The Federal Civil Penalties Inflation Adjustment Act amends a 1990 law to provide a “catch-up” adjustment that allows OSHA to raise penalties by the amount of inflation that has occurred since 1990. OSHA had previously been exempted from the inflation adjustment provision of the 1990 law, but can now raise the maximum penalty amounts for “Other than Serious,” “Serious,” “Repeat,” and “Willful” violations. For example, although the OSH Act provides for a maximum penalty of $7,000 for “Other than Serious” or “Serious” violations, under the new law, maximum penalties for these types of violations could be increased to about $12,744. For “Repeat” and “Willful” violations, the current maximum penalty of $70,000 could be increased to $125,438.

The new law does not require OSHA to increase the maximum penalty amounts by the authorized 82 percent, but simply allows OSHA to increase penalties by that amount.
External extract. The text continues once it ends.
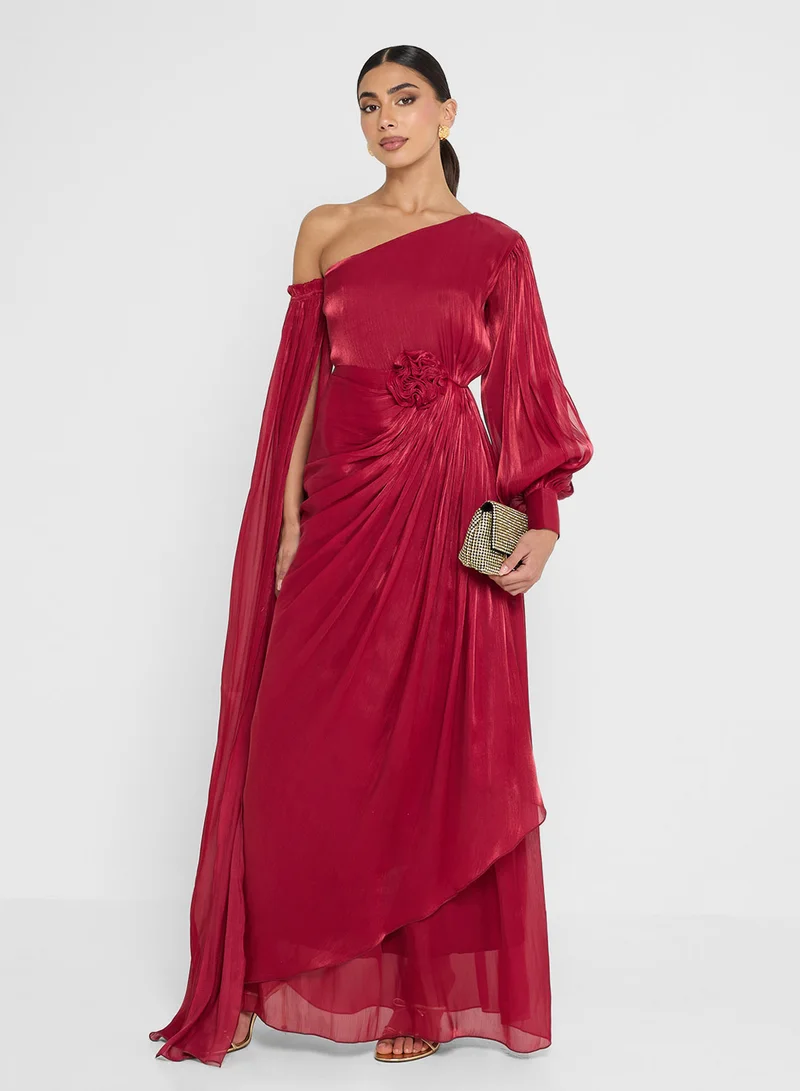 جولدن ابل Asymmetrical Detailed Maxi Dress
The law requires that these penalty changes be announced by the publication of an interim final rule by July 1, 2016, with the adjusted penalties going into effect by August 1, 2016. These changes will be made through new regulations, with opportunity for public comment.

At first. After the one-time “catch-up” to capture the amount of inflation that has occurred since 1990, OSHA can annually increase the maximum penalties for each type of violation consistent with the inflation rate for the prior fiscal year, as determined by the federal government’s Consumer Price Index.
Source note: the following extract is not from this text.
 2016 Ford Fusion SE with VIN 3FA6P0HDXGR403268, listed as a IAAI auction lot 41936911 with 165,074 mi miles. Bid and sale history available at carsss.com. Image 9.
Interested stakeholders in the safety community have uniformly acknowledged that OSHA penalties will be increasing as a result of the new law, with Congress explicitly directing OSHA to raise the penalties. Unless Congress repeals the law through legislation and the repeal survives a veto, higher OSHA penalties will shortly be a way of life.

No one is immune from OSHA citations. With this year’s new requirement to report to OSHA all admissions to a hospital, amputations, and loss of an eye within 24 hours, and with 37 percent of those reports resulting in on-site inspections, the stakes have clearly been raised. Although OSHA’s announced goal is to ensure that employers provide a safe workplace, citations are typically issued as a result of failing to comply with the provisions of OSHA Standards. As you all know, having a safe workplace does not necessarily mean that you have complied with all of the OSHA Standards that are applicable in your workplace. Enhanced enforcement as a result of the last seven years of the present OSHA Administration has become the norm, including “regulation by shaming” through press releases issued when high-penalty cases occur, and now the increased penalties about to go into effect. In this climate, we strongly encourage you to make sure that your safety programs and physical site conditions are fully compliant.